**What is required**
Every line of the listing below should be written out exactly, minus its images.

**Data section**
- - -

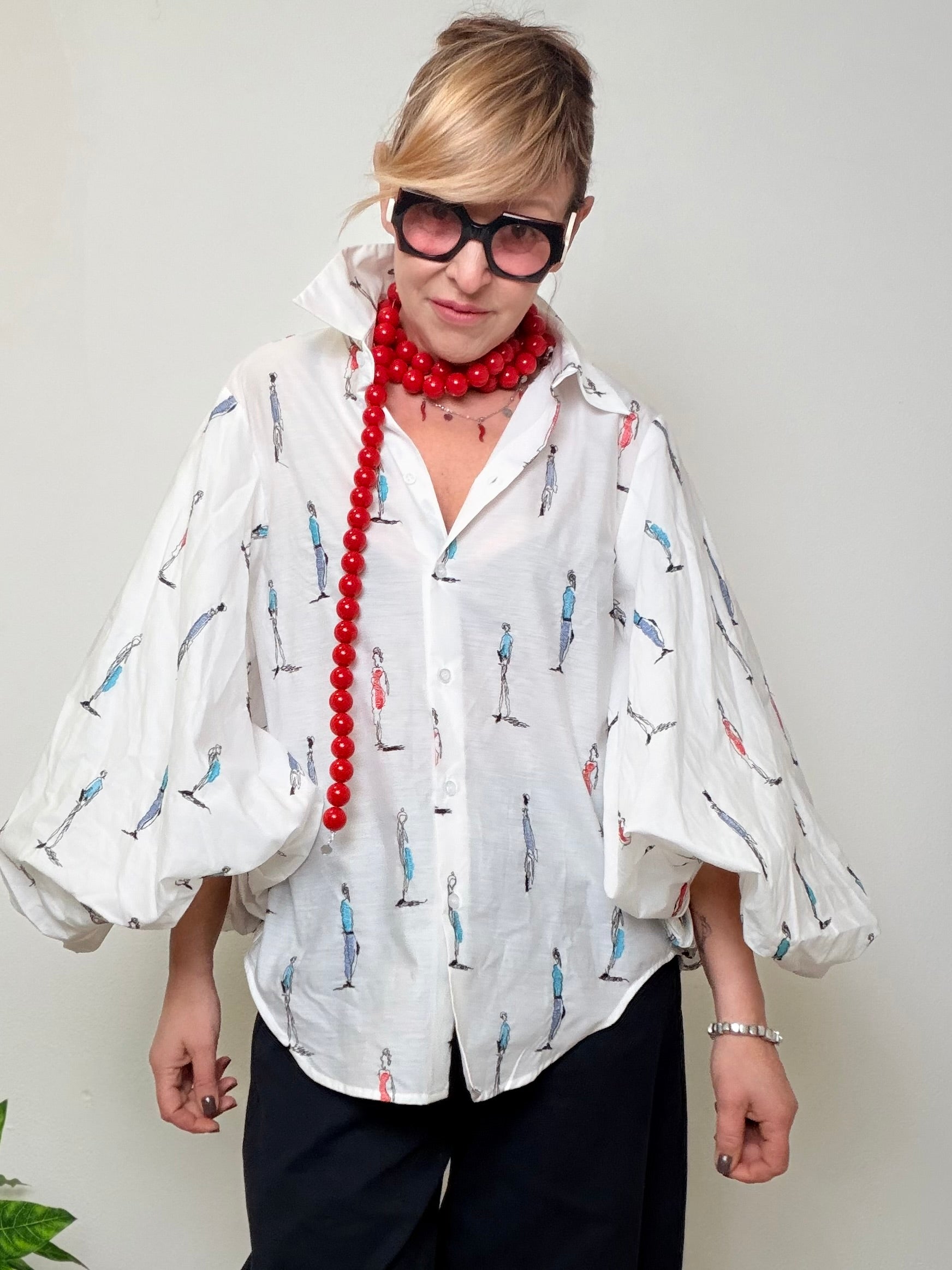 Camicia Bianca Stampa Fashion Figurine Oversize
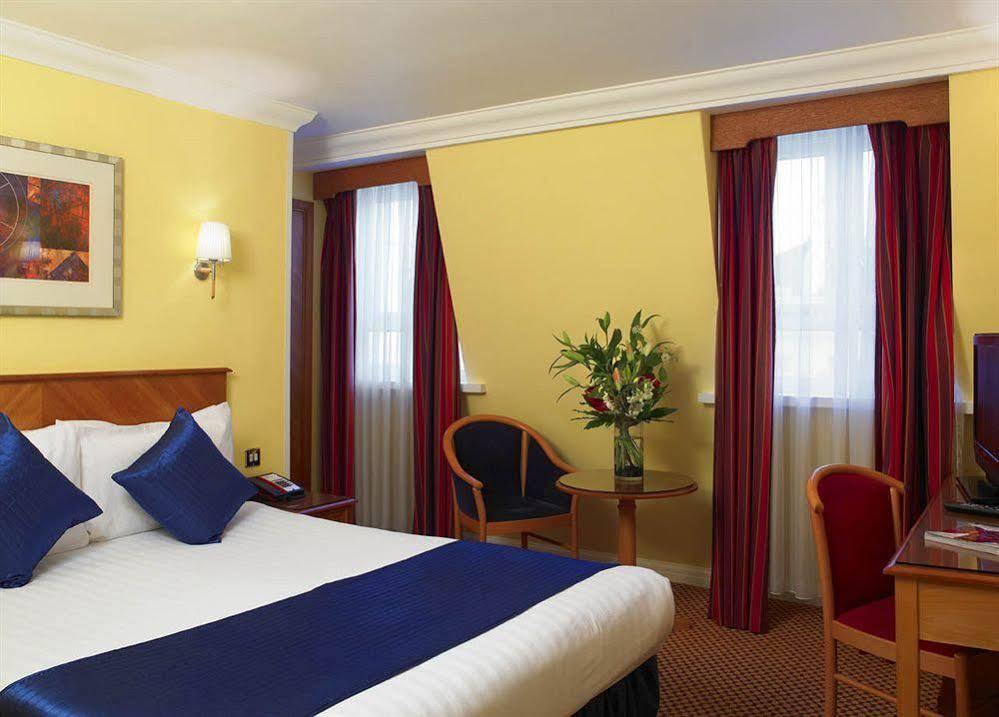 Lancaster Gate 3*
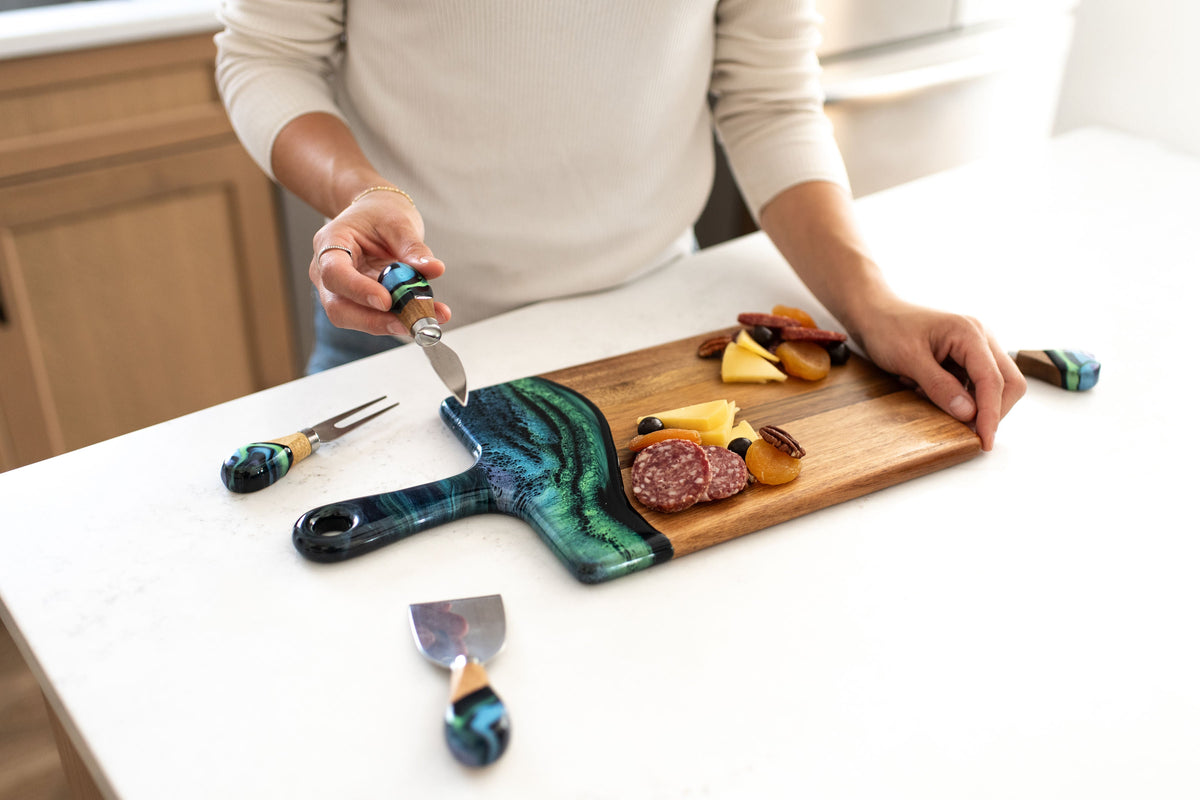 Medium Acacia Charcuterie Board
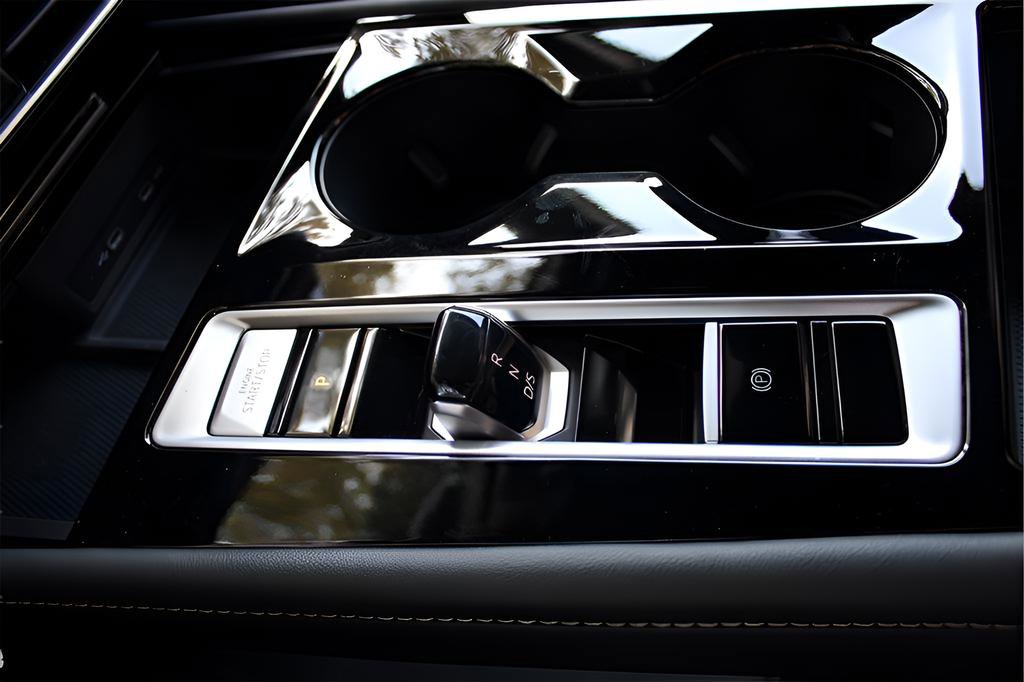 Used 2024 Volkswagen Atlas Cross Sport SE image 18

- - -

**Solution for this exercise**
 Camicia Bianca Stampa Fashion Figurine Oversize
 Lancaster Gate 3*
 Medium Acacia Charcuterie Board
 Used 2024 Volkswagen Atlas Cross Sport SE image 18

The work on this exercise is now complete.